- [Task inputs]:
[Start of Attachment]
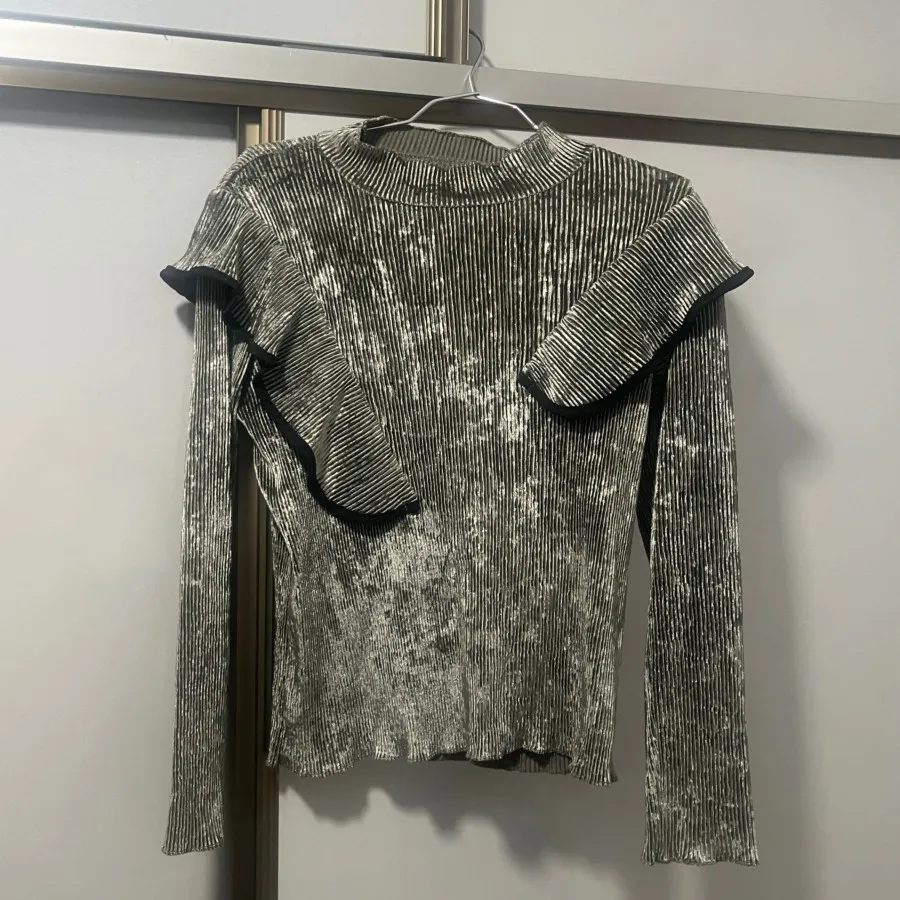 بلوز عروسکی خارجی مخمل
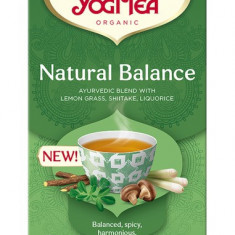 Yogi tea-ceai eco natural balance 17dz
[End of Attachment]
[Start of Attachment]
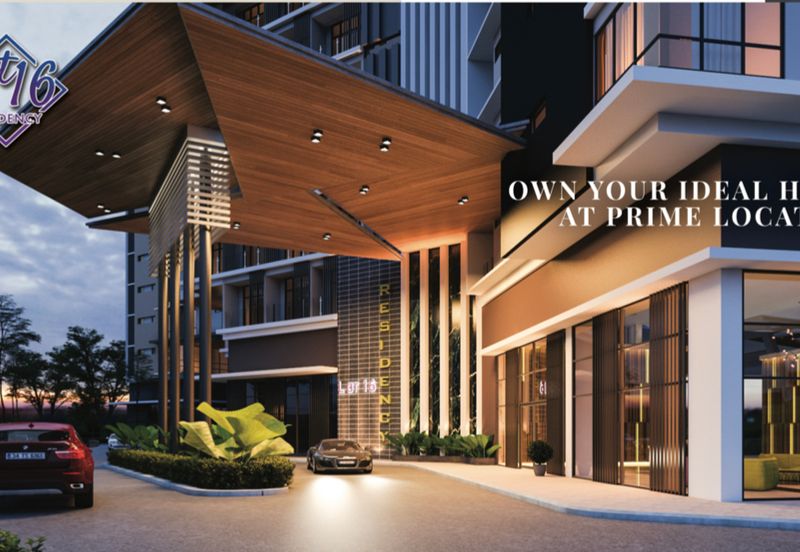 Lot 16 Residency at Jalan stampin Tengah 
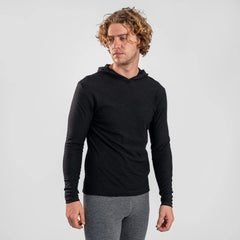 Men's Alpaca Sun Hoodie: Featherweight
[End of Attachment]
[Start of Attachment]
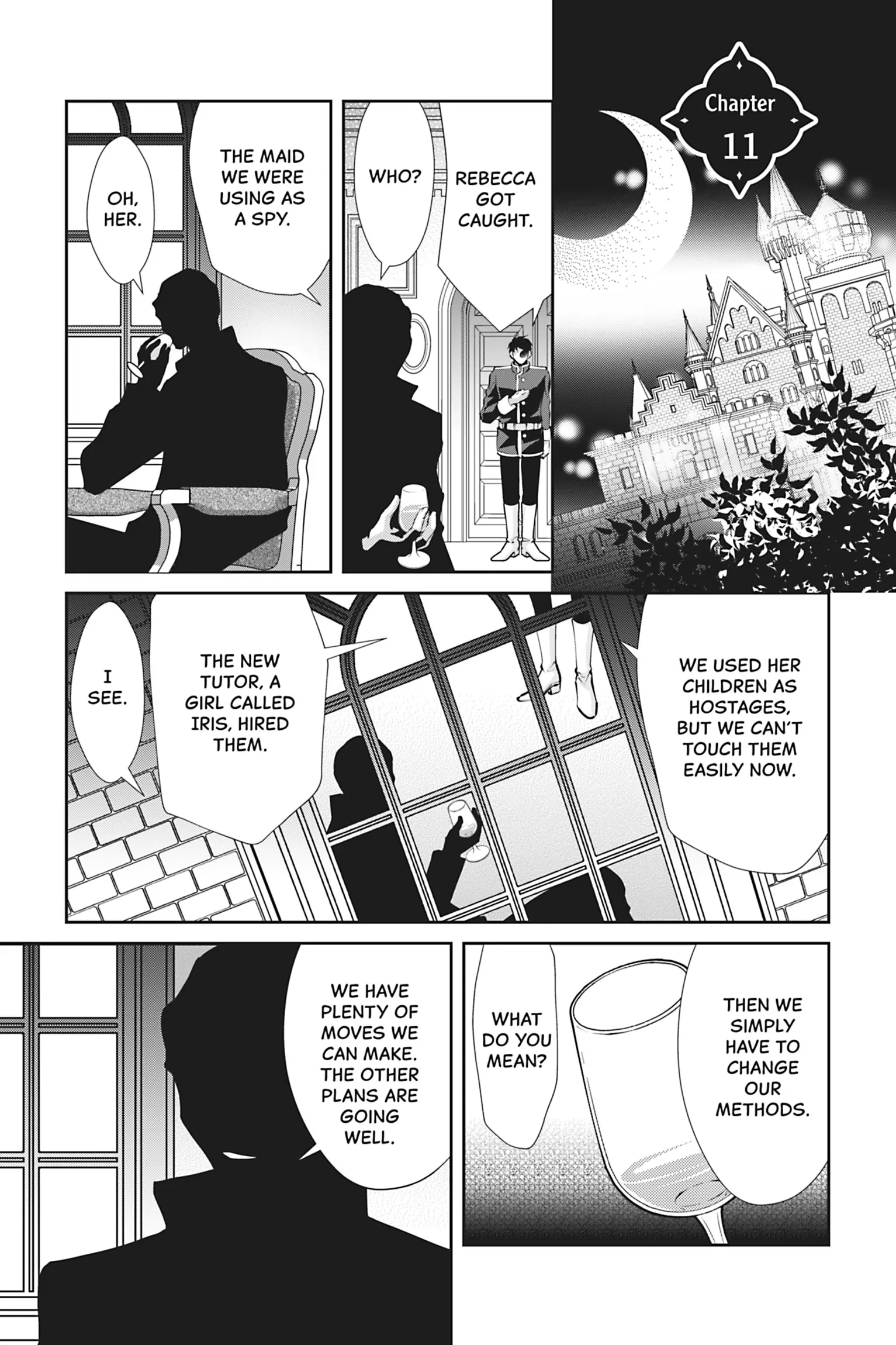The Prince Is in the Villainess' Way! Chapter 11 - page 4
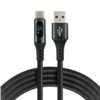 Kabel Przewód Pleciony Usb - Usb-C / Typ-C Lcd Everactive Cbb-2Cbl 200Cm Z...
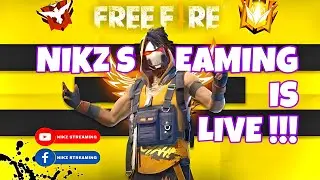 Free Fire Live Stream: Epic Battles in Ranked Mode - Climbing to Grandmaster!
[End of Attachment]
- [Exercise brief]: From the line holding "بلوز عروسکی خارجی مخمل" to the line holding "Yogi tea-ceai eco natural balance 17dz", both included, retype the entries above exactly and drop the pictures.

- [Answer to this exercise]:
 بلوز عروسکی خارجی مخمل
 Yogi tea-ceai eco natural balance 17dz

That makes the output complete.